> **Information supplied**
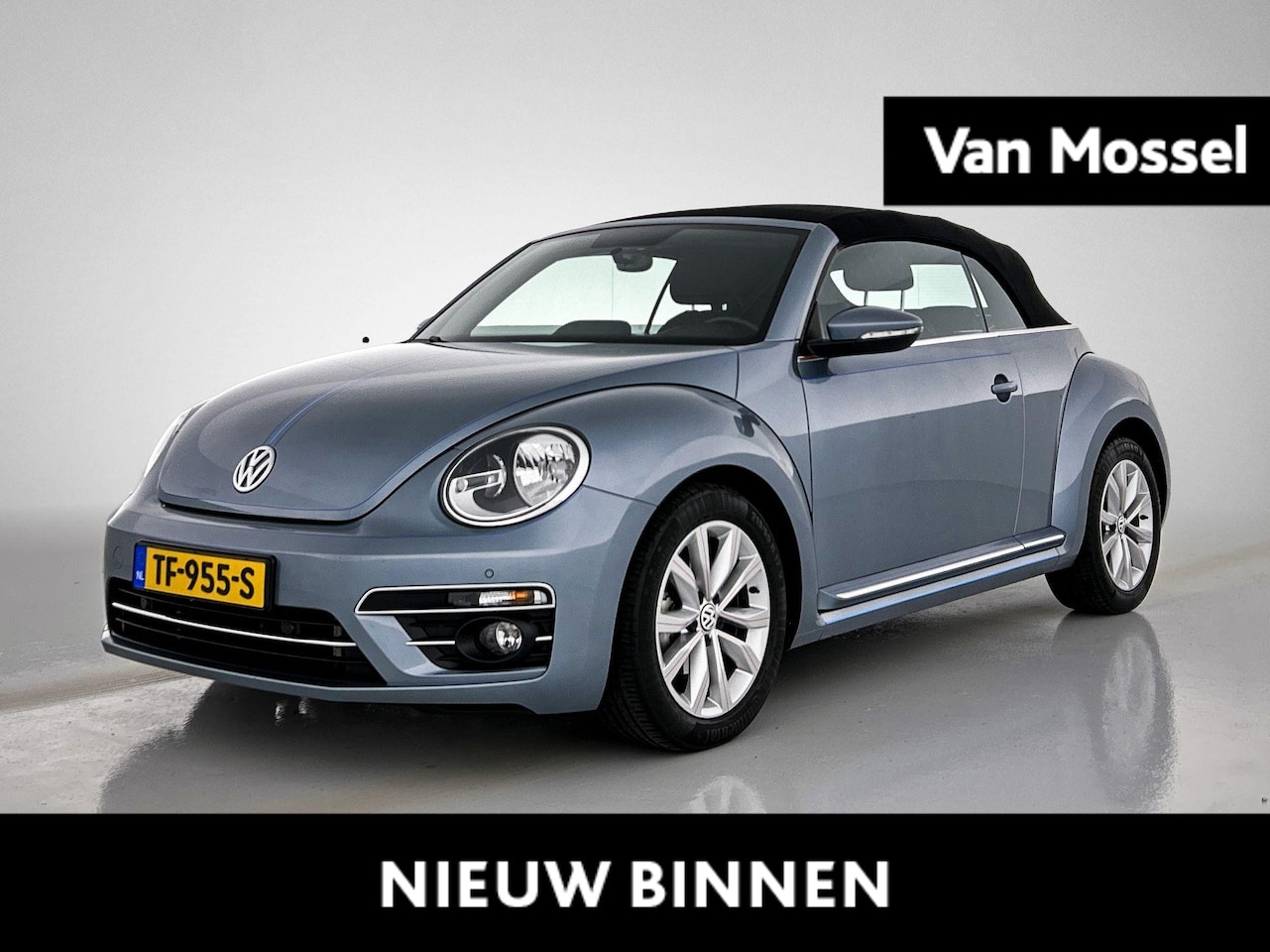 Volkswagen Beetle Cabriolet - 1.2 TSI Exclusive Series | Cabriolet (Soft Cover) | Sport Performance Monitoren | Navigati - AutoWereld.nl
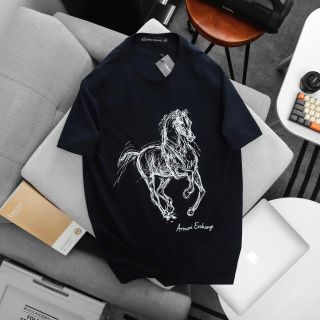 Áo thun nam.  Vải in lụa 3D sắc nét, 100% cotton 4 chiều, mềm mịn, thấm hút mồ hôi cực tốt.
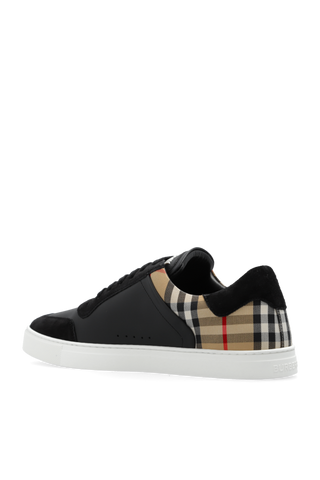 Burberry BLACK ‘Stevie’ sneakers 5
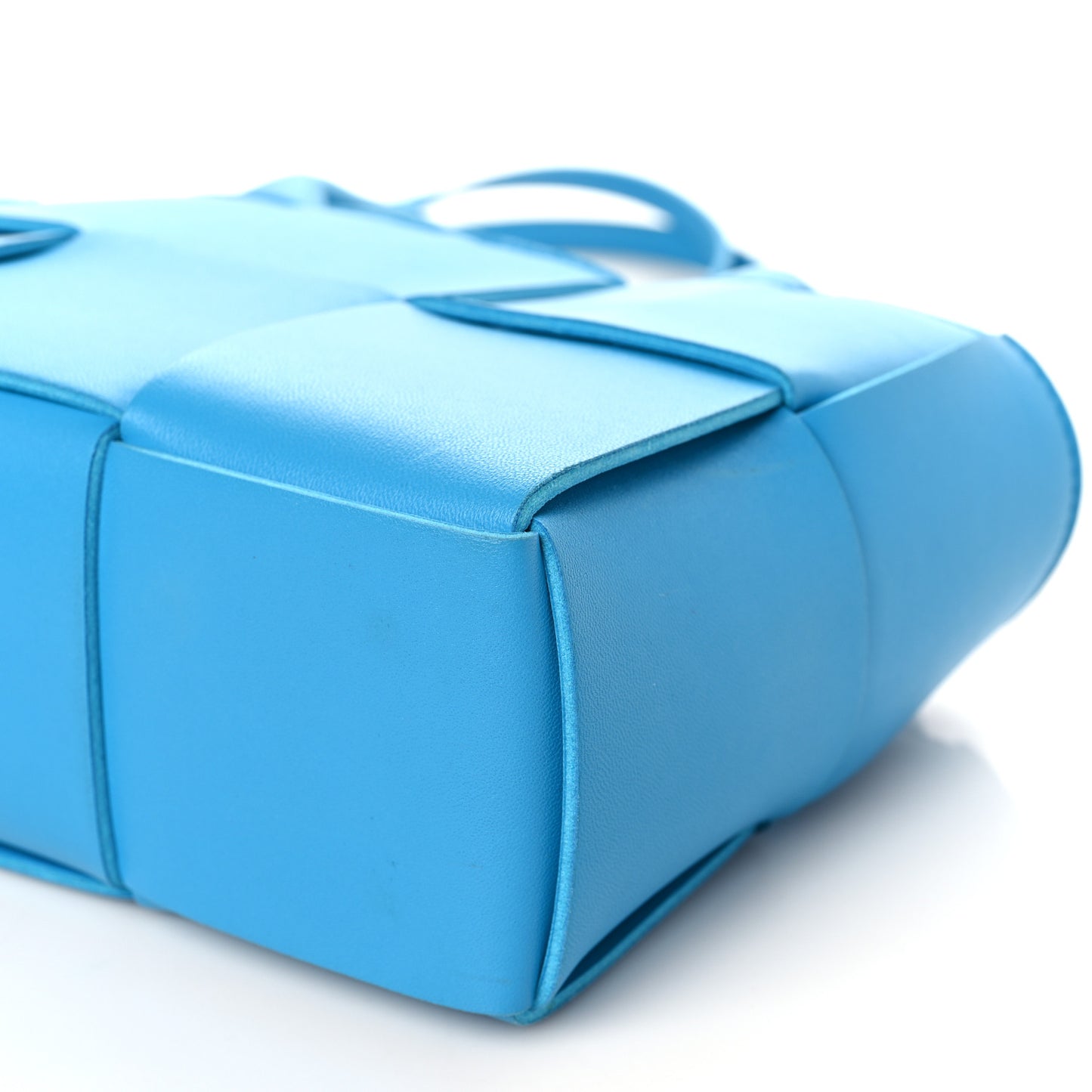 Nappa Maxi Intreccio Mini Arco Tote Pool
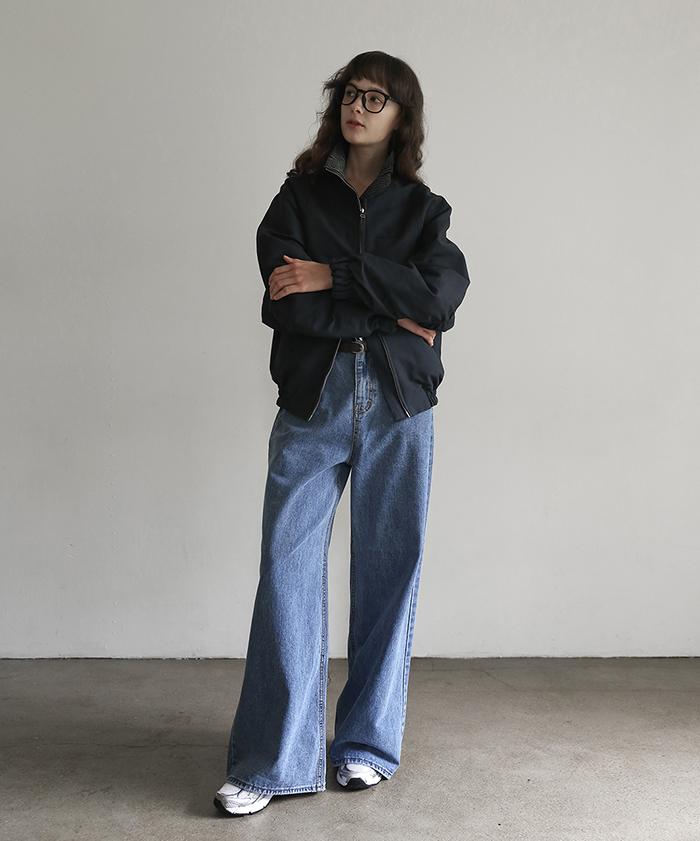 Vertneuf More Reversible Jumper_Navy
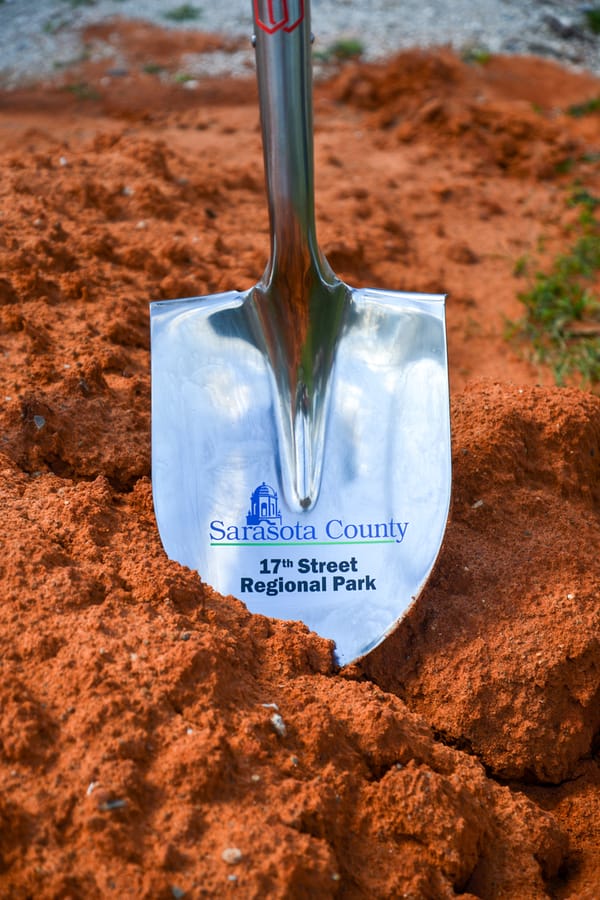 17th Street Regional Park Groundbreaking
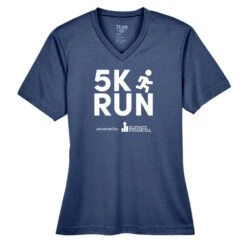 Team 365 Heathered Polyester Performance T-Shirt - Women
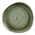 Churchill Stonecast Patina Burnished Green Round Trace Bord 21cm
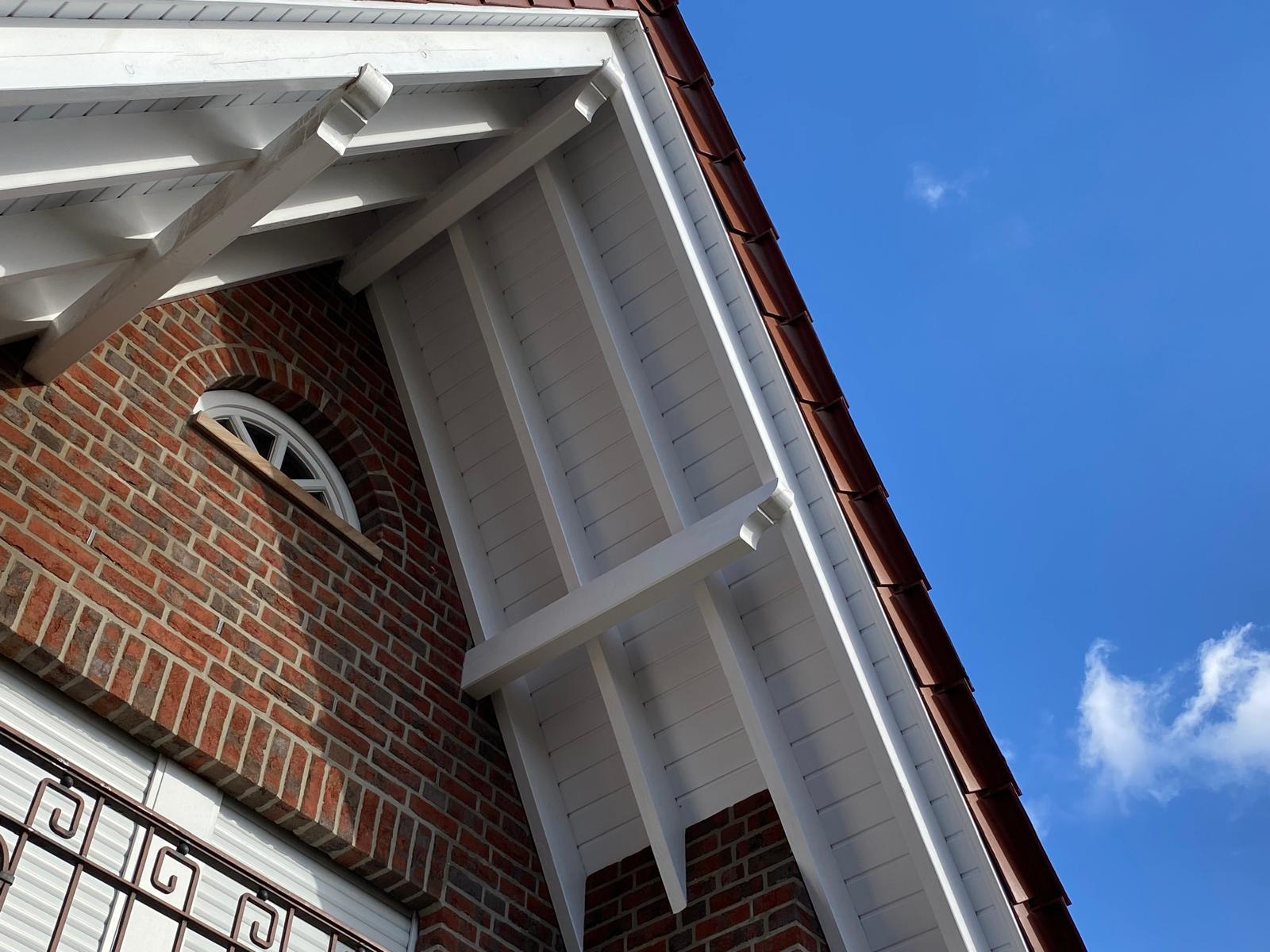 Dach&uuml;berstand reinigen Beesten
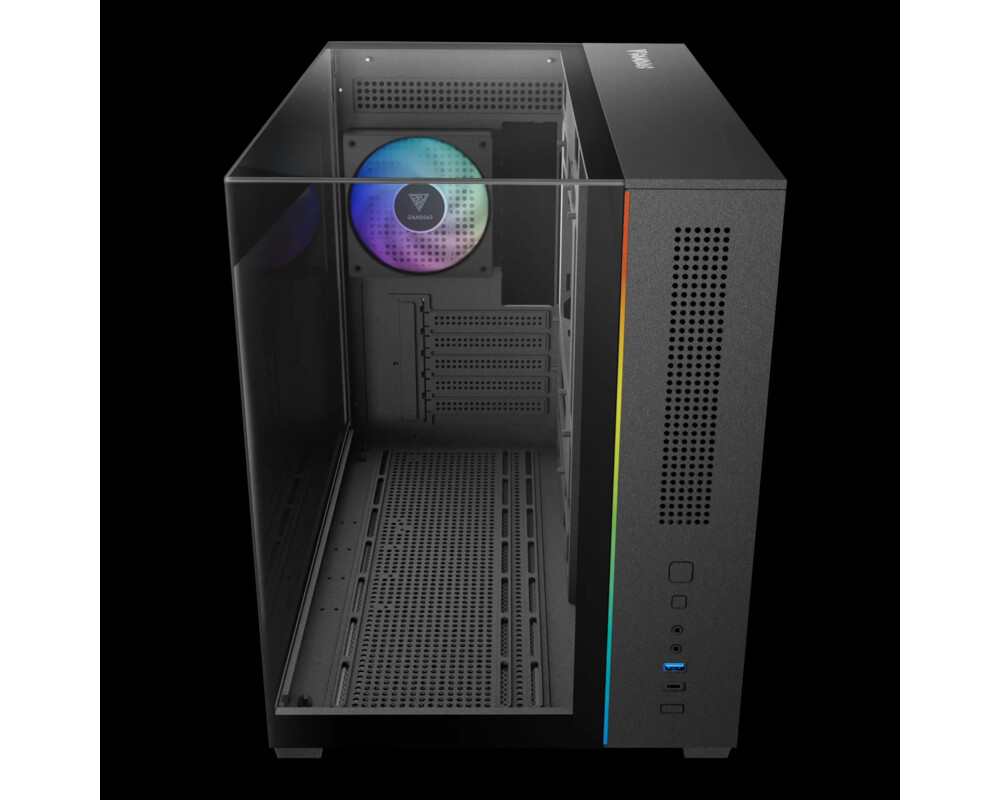 Кутия Gamdias mATX - ATLAS M3M - A-RGB 5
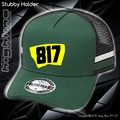 STRIPE Trucker Cap - Mason Sawyer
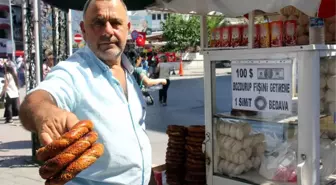 100 Dolar Bozdurana Simit Bedava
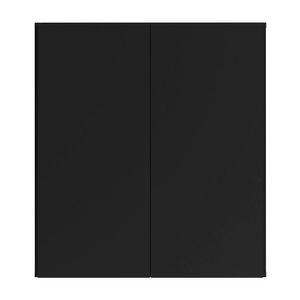 Gabinete De Banheiro Suspenso 63 Cm Com 2 Portas Fg5007 Preto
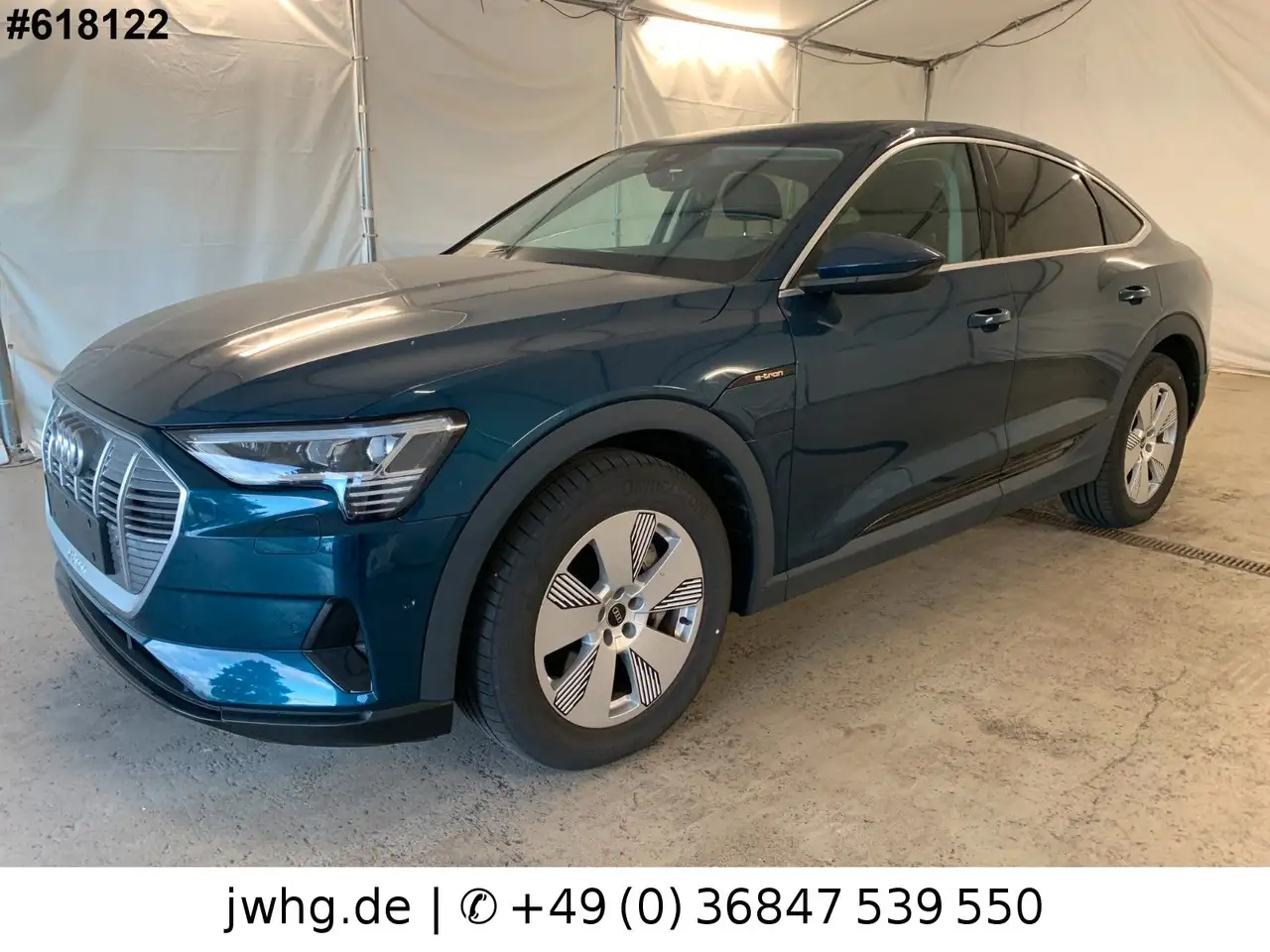 e-tronSportback 50 quattro ACC+/PANO/DAB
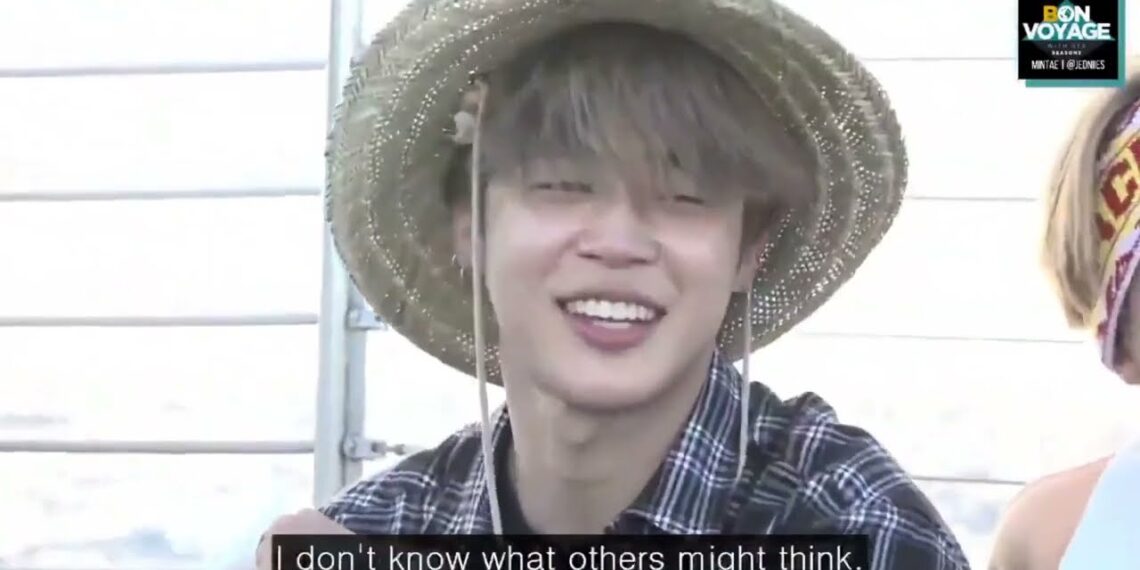 BTS write letter to Each other Bon voyage s3 [Eng Subtitle]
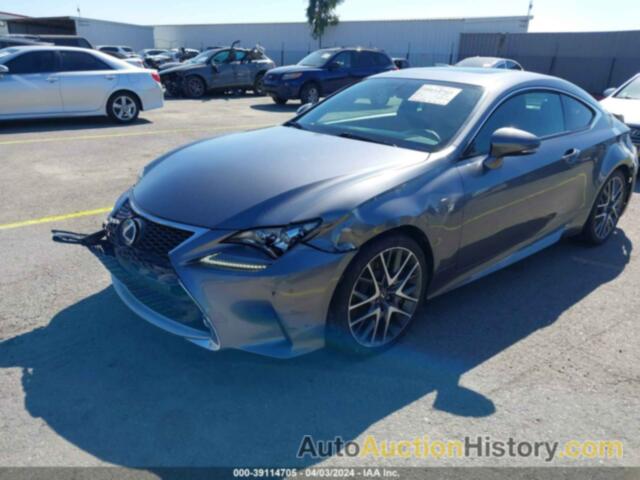 LEXUS RC 350, JTHHE5BC9F5002011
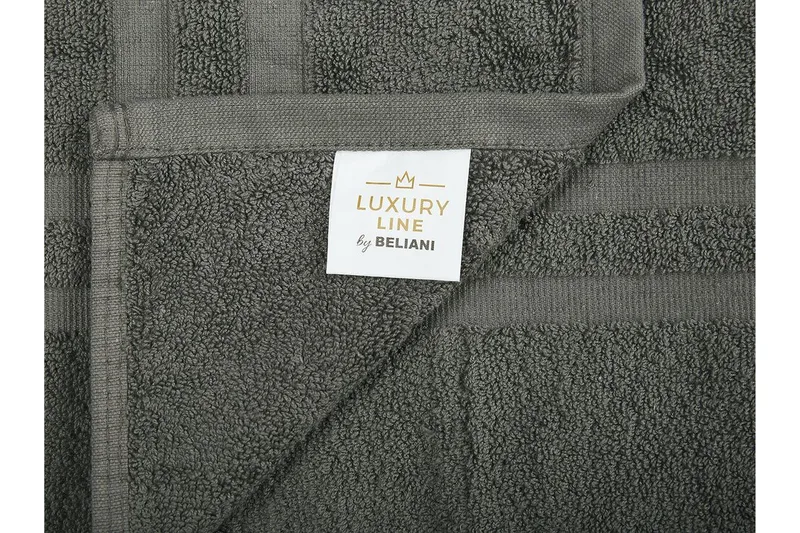 Areora Håndklesett 11-pk - Grå - Tekstiler & tepper - Baderomstekstiler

> **Problem description**
Repeat the records in full, exactly as they appear, without the pictures.

> **Your solution**
 Volkswagen Beetle Cabriolet - 1.2 TSI Exclusive Series | Cabriolet (Soft Cover) | Sport Performance Monitoren | Navigati - AutoWereld.nl
 Áo thun nam.  Vải in lụa 3D sắc nét, 100% cotton 4 chiều, mềm mịn, thấm hút mồ hôi cực tốt.
 Burberry BLACK ‘Stevie’ sneakers 5
 Nappa Maxi Intreccio Mini Arco Tote Pool
 Vertneuf More Reversible Jumper_Navy
 17th Street Regional Park Groundbreaking
 Team 365 Heathered Polyester Performance T-Shirt - Women
 Churchill Stonecast Patina Burnished Green Round Trace Bord 21cm
 Dach&uuml;berstand reinigen Beesten
 Кутия Gamdias mATX - ATLAS M3M - A-RGB 5
 STRIPE Trucker Cap - Mason Sawyer
 100 Dolar Bozdurana Simit Bedava
 Gabinete De Banheiro Suspenso 63 Cm Com 2 Portas Fg5007 Preto
 e-tronSportback 50 quattro ACC+/PANO/DAB
 BTS write letter to Each other Bon voyage s3 [Eng Subtitle]
 LEXUS RC 350, JTHHE5BC9F5002011
 Areora Håndklesett 11-pk - Grå - Tekstiler & tepper - Baderomstekstiler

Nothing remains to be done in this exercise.